When it started decomposing Makaty in desperation requested the Hindus and the Muslims to come to his rescue. Under pressure from the non-bohra public, the priest gave permission for burial but on condition that her husband as well as her sons should not join the funeral rites. Seeing no other way out and in order not to show disrespect to the dead body, the husband and sons agreed. The priest was so heartless that he ordered her dead body to be carried on a hand cart and buried without any religious rites. The local papers from Jamnagar strongly criticized the priest's inhuman behavior.

The few cases mentioned above have been selected from myriads of similar other cases. It has not been possible to give details of all these cases here. Thousands of Bohra families are suffering only because they have chosen to listen to the voice of their conscience. Such suffering families can be found not only in India but in countries like Sri Lanka, Pakistan, East Africa, the countries of the Middle East, U.K., Yemen etc. There are hundreds of mothers and sisters and wives who cannot meet and talk with their sons, brothers and husbands just because they are on one or the other side of this invisible “fence.”

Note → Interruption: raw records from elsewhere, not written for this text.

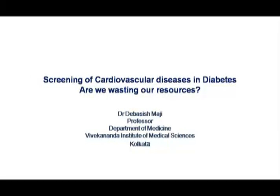All of us Indian physicians are very much concerned about our resources because our resources are not sufficient in our country. So we never think about any investigation or treatment plan without thinking about our resources. For example, if you suspect a patient of hypothyroidism, if I do only TSH, we can make a diagnosis and save our resources. Similarly, in cardiovascular disease risk assessment, whether we are wasting our resources — I will discuss about it.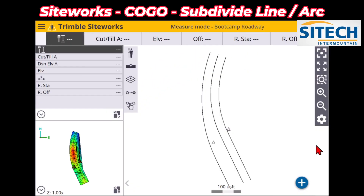Welcome back to SiteTech Intermountain SiteWorks training videos. In this video today, I want to show you another COGO function: how to segment lines.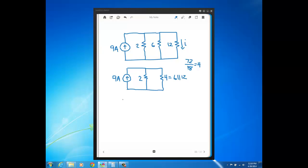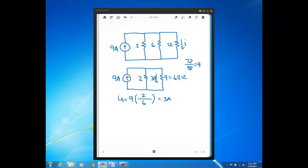Now I can find the current through the 4-ohm resistor using the current divider equation in the form we just derived. The 9 amps is the current out front. I want the current through the 4-ohm, so the other resistor value — 2 — goes in the numerator, and the denominator is the sum of the two resistors: 2 plus 4 equals 6. So it's 9 times 2 over 6, which is one-third, giving us 3 amps. That means there are 6 amps through the 2-ohm resistor.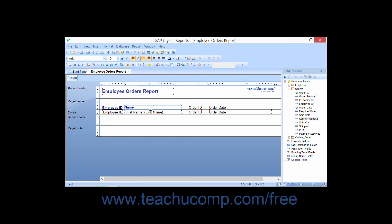In addition, formatting that is applied with the X plus 2 buttons will be copied. However, conditional formatting that has been applied by using the highlighting expert will not be copied.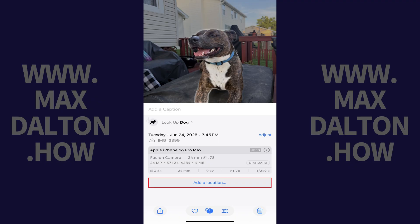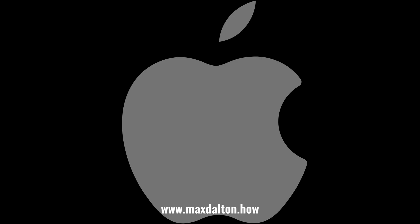And now you'll see Add Location where the location information was previously, indicating that the photo's location metadata has been removed. Let me know if this video helped you out in the comments below.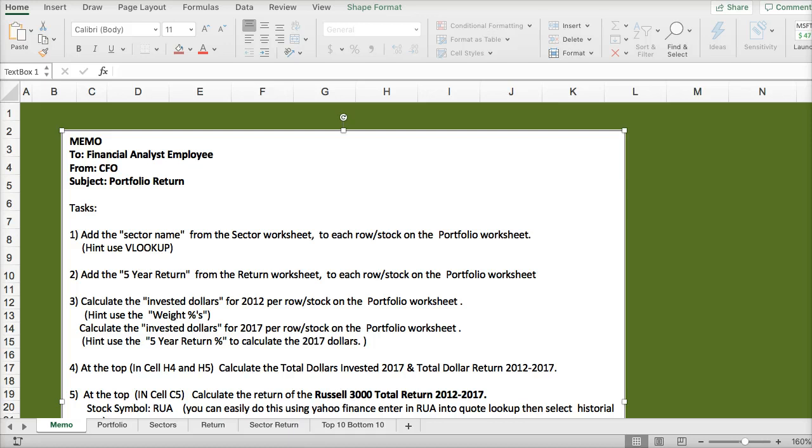In this video we're going to discuss how to analyze an investment portfolio for a five-year return.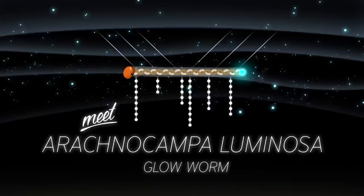These insects are the larvae of a mosquito-like fly called a fungus gnat, so should probably be called glow maggots.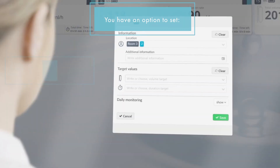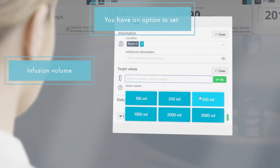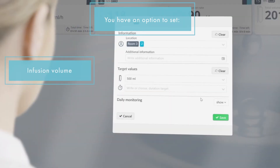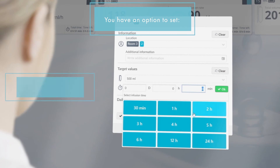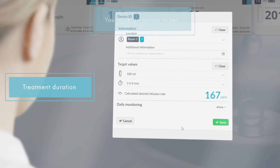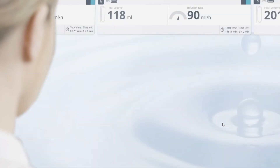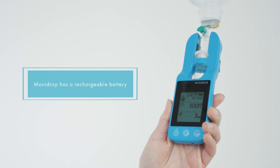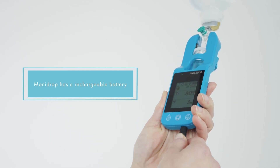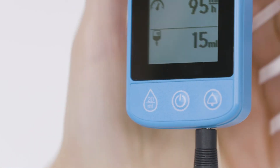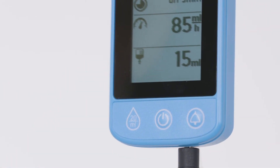There is an option to set the target values for the fluid volume to be infused and the treatment duration. MoniDrop has a rechargeable battery, and the device can also be used while it is charging.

They are helpless victims of the high priest's government. Yes, it is a government, although without a territory of its own and without authority having been vested by the usual political means. But it is as tyrannical as any authoritarian government can be. The reformists are fighting against this totalitarian priestly set up so that the Bohras all over the world also enjoy the life of a normal human being vested with democratic rights and person dignity. Though their struggle appears to be hopeless in view of an opportunist stand taken by politicians, they continue to fight, driven forward by their convictions.